Input:
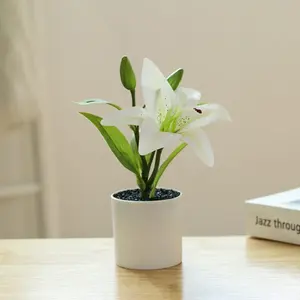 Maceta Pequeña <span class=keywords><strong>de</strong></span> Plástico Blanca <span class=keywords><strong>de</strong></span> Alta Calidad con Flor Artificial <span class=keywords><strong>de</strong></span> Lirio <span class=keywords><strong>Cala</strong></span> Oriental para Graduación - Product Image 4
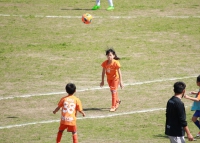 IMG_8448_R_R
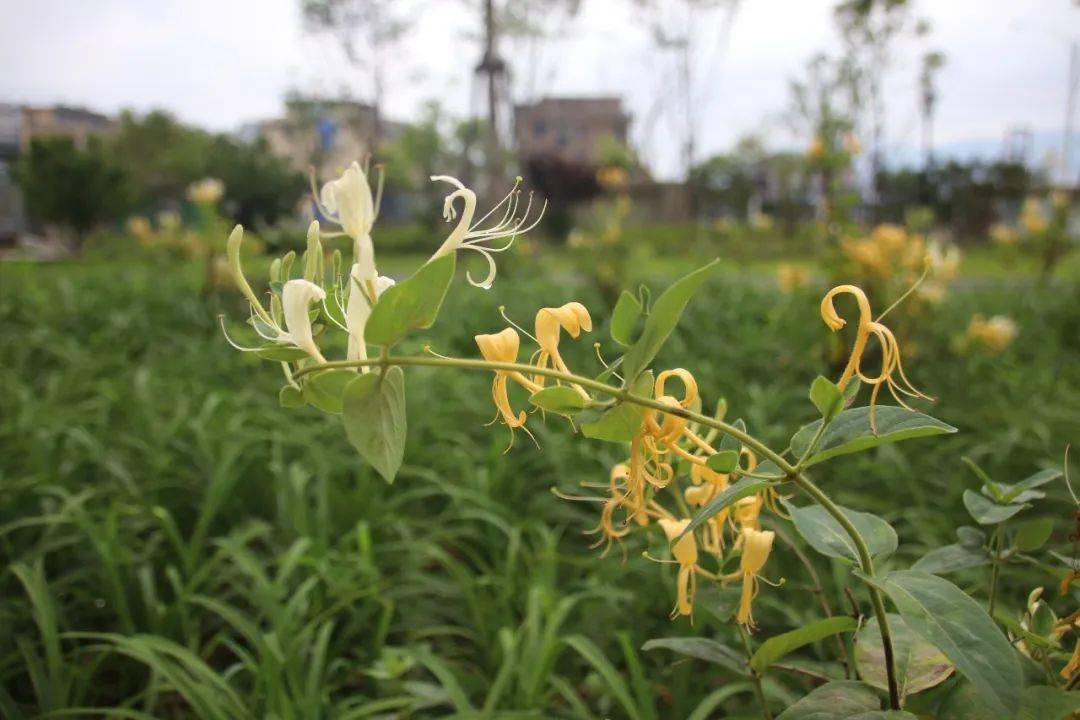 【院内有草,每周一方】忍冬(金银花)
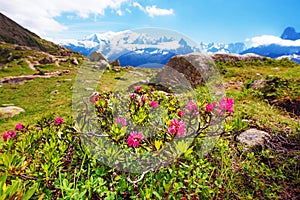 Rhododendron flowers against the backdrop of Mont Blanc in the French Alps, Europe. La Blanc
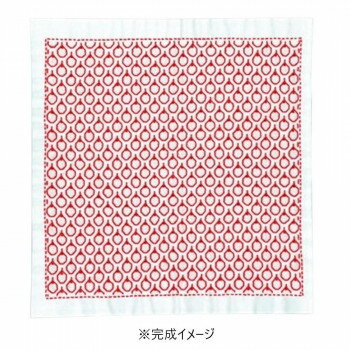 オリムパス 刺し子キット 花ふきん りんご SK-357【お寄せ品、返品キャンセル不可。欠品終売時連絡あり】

* * *

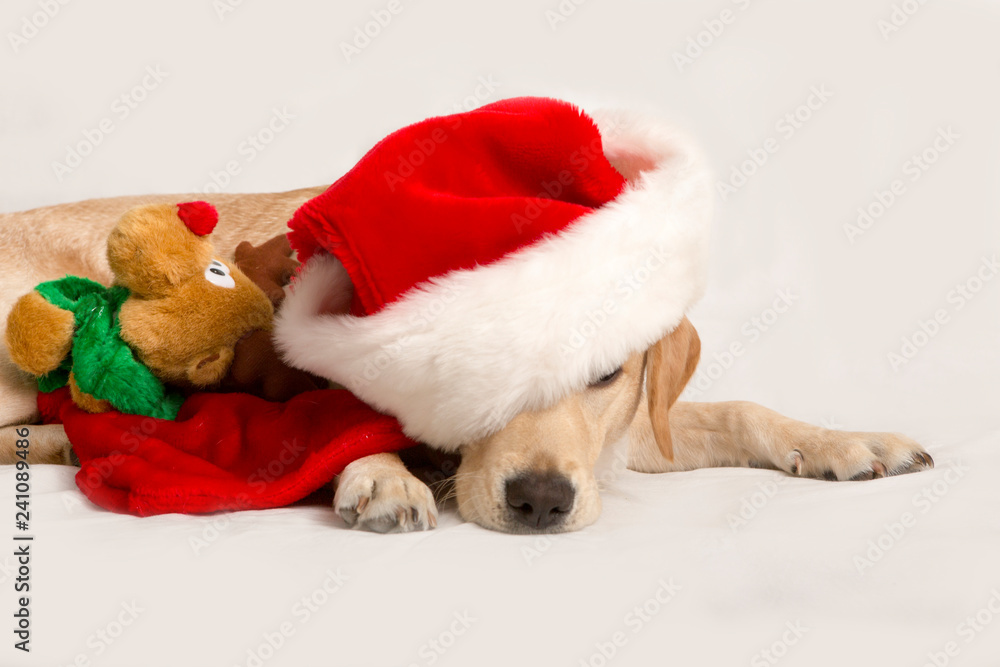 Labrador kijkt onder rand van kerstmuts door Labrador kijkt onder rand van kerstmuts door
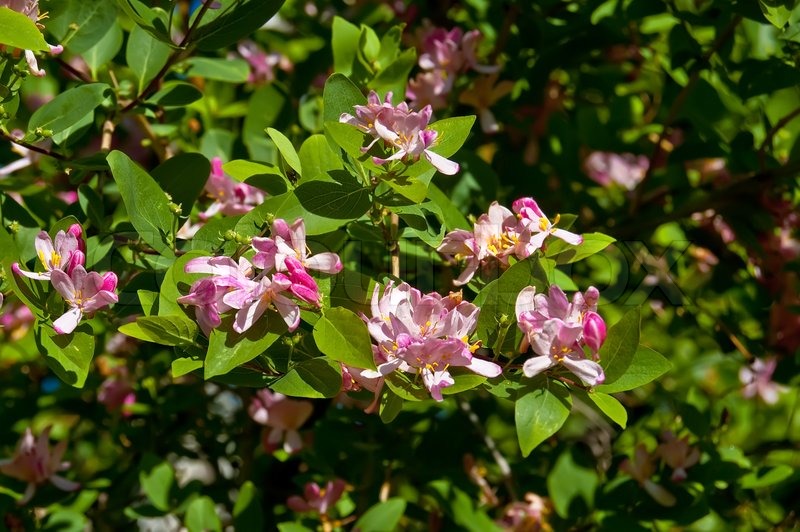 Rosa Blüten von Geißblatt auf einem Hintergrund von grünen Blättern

Problem description: Print the line above containing "Maceta Pequeña <span", the line containing "オリムパス 刺し子キット 花ふきん", and everything between them, exactly as written. Pictures stay out.

Solution:
 Maceta Pequeña <span class=keywords><strong>de</strong></span> Plástico Blanca <span class=keywords><strong>de</strong></span> Alta Calidad con Flor Artificial <span class=keywords><strong>de</strong></span> Lirio <span class=keywords><strong>Cala</strong></span> Oriental para Graduación - Product Image 4
 IMG_8448_R_R
 【院内有草,每周一方】忍冬(金银花)
 Rhododendron flowers against the backdrop of Mont Blanc in the French Alps, Europe. La Blanc
 オリムパス 刺し子キット 花ふきん りんご SK-357【お寄せ品、返品キャンセル不可。欠品終売時連絡あり】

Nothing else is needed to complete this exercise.